• _Exercise objective_: Below this line are records; transcribe exactly the lines between the one holding "pants pissing compilation" and the one holding "Air Jordan 4", inclusive, and omit the pictures.
─── Material to process
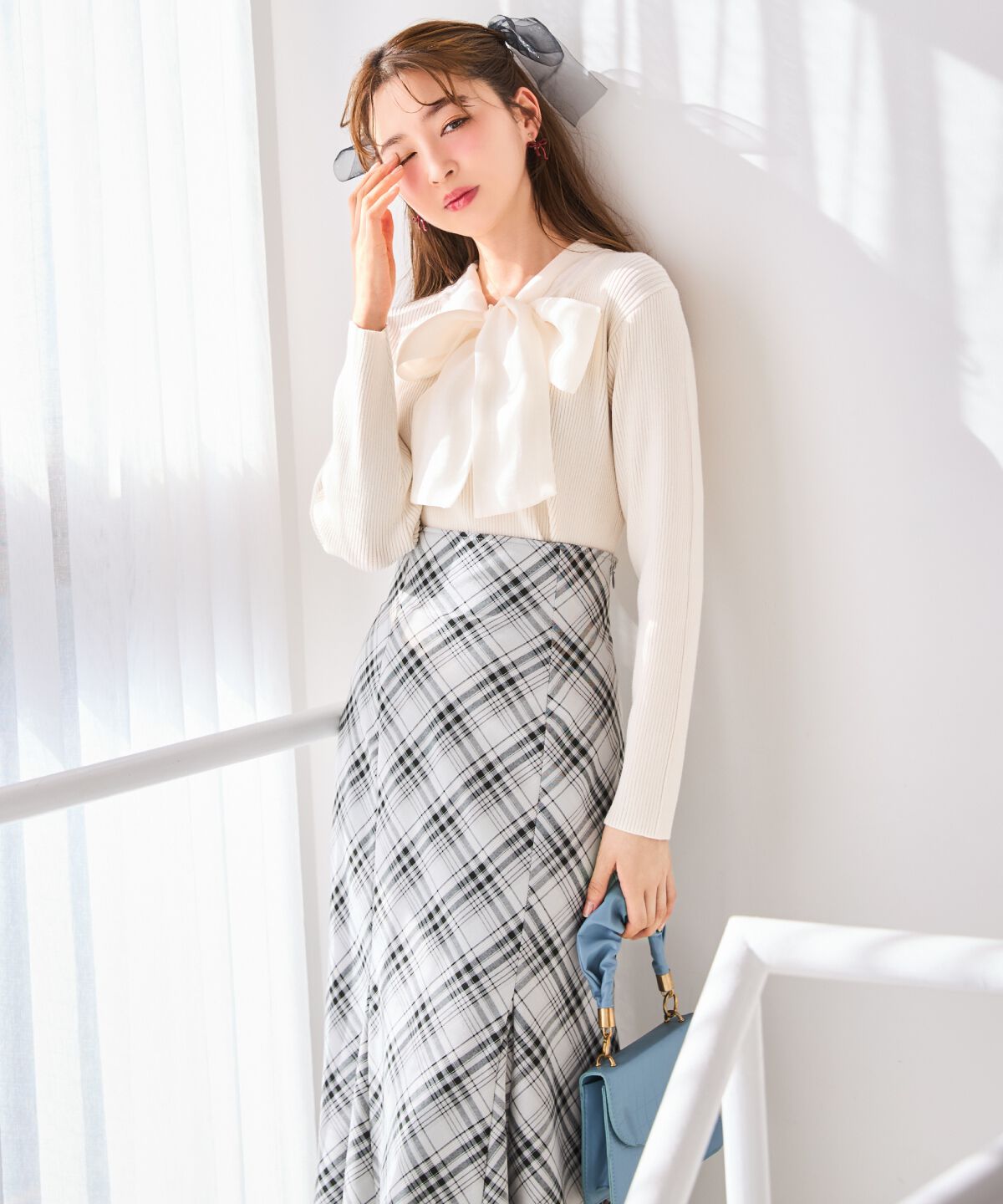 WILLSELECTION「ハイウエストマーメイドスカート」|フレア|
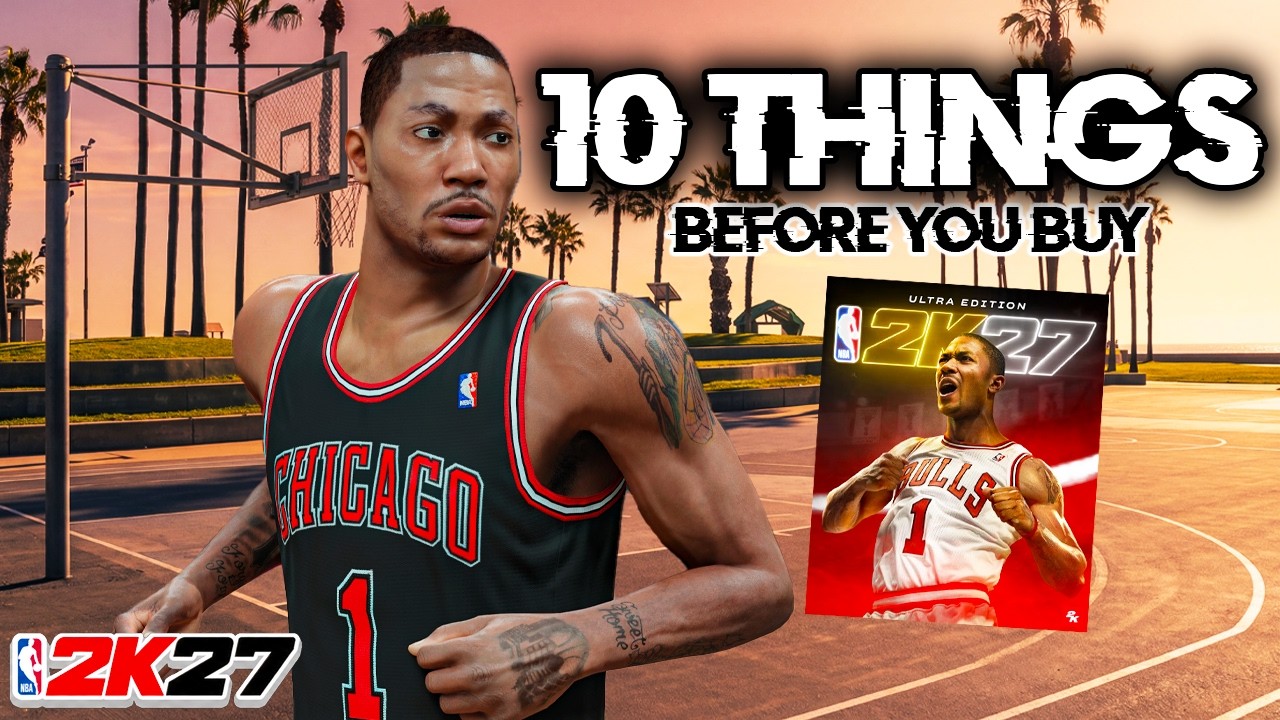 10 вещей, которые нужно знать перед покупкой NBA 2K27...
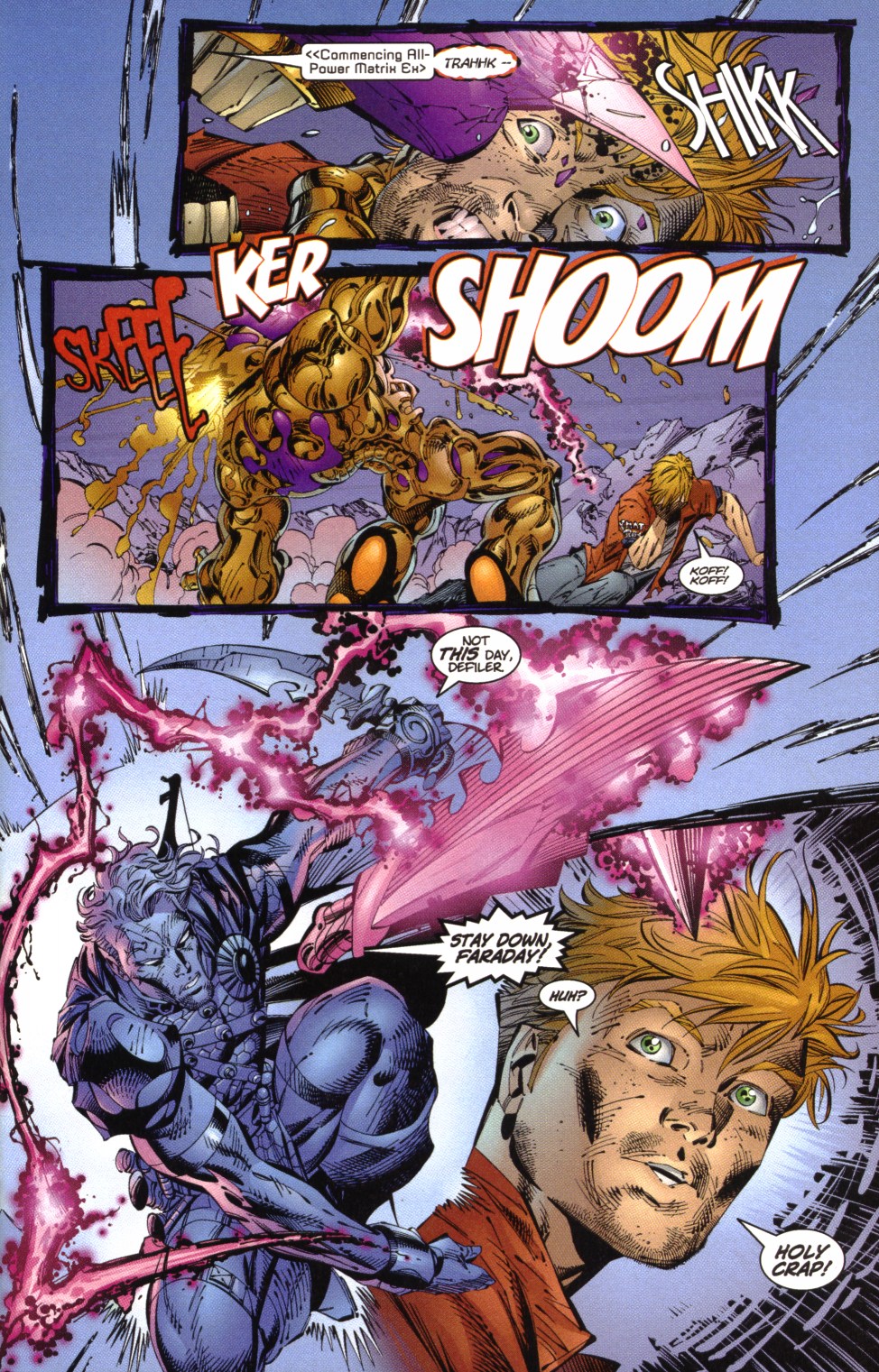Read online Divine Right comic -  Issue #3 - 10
──────
─── Material to process
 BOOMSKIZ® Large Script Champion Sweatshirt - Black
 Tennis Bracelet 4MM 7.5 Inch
──────
─── Material to process
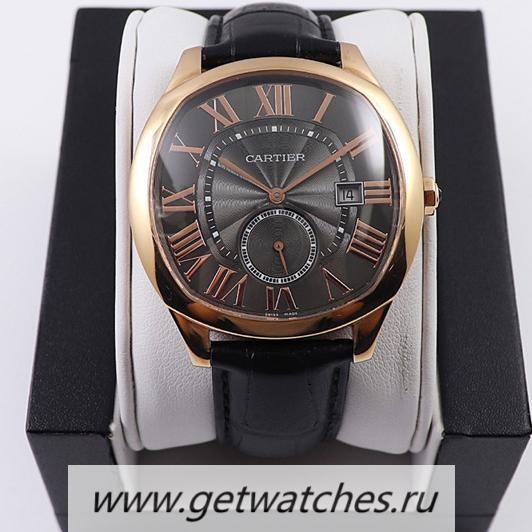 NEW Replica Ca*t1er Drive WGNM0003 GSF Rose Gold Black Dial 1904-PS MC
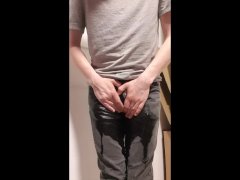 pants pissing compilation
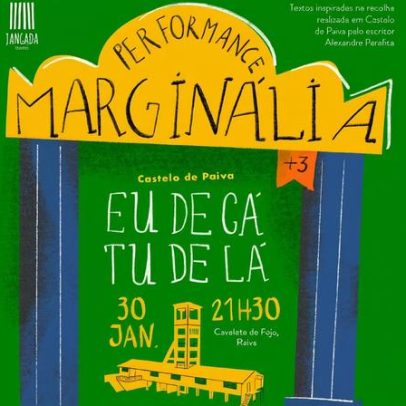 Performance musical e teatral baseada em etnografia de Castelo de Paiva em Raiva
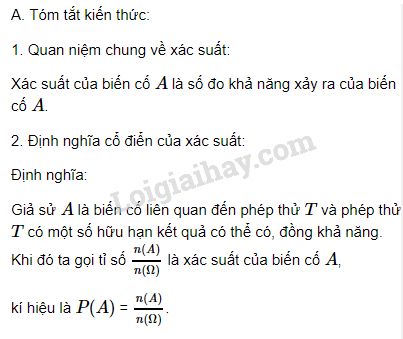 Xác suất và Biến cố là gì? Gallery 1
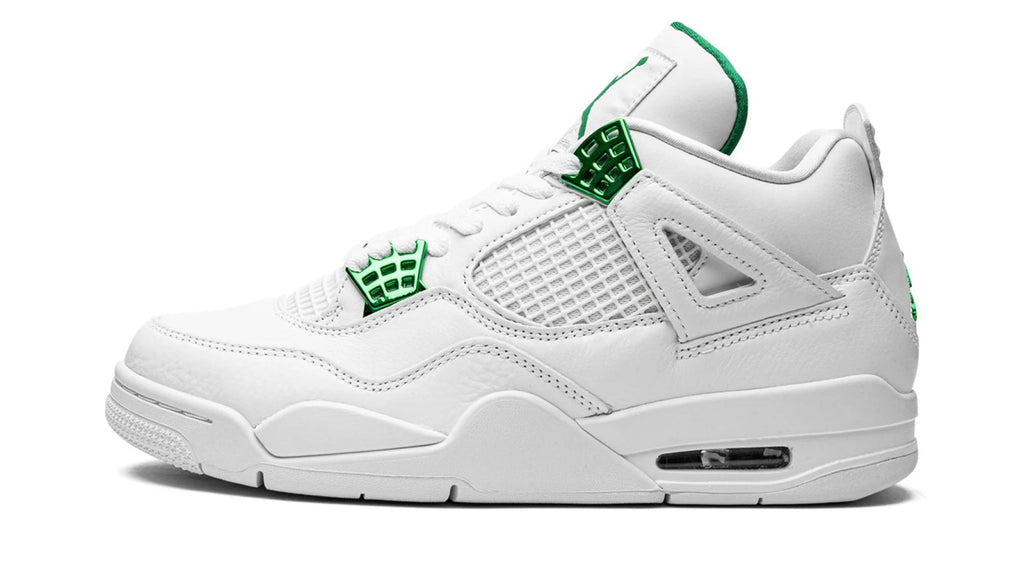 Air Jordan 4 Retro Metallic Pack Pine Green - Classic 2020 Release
──────
• _Output_:
 pants pissing compilation
 Performance musical e teatral baseada em etnografia de Castelo de Paiva em Raiva
 Xác suất và Biến cố là gì? Gallery 1
 Air Jordan 4 Retro Metallic Pack Pine Green - Classic 2020 Release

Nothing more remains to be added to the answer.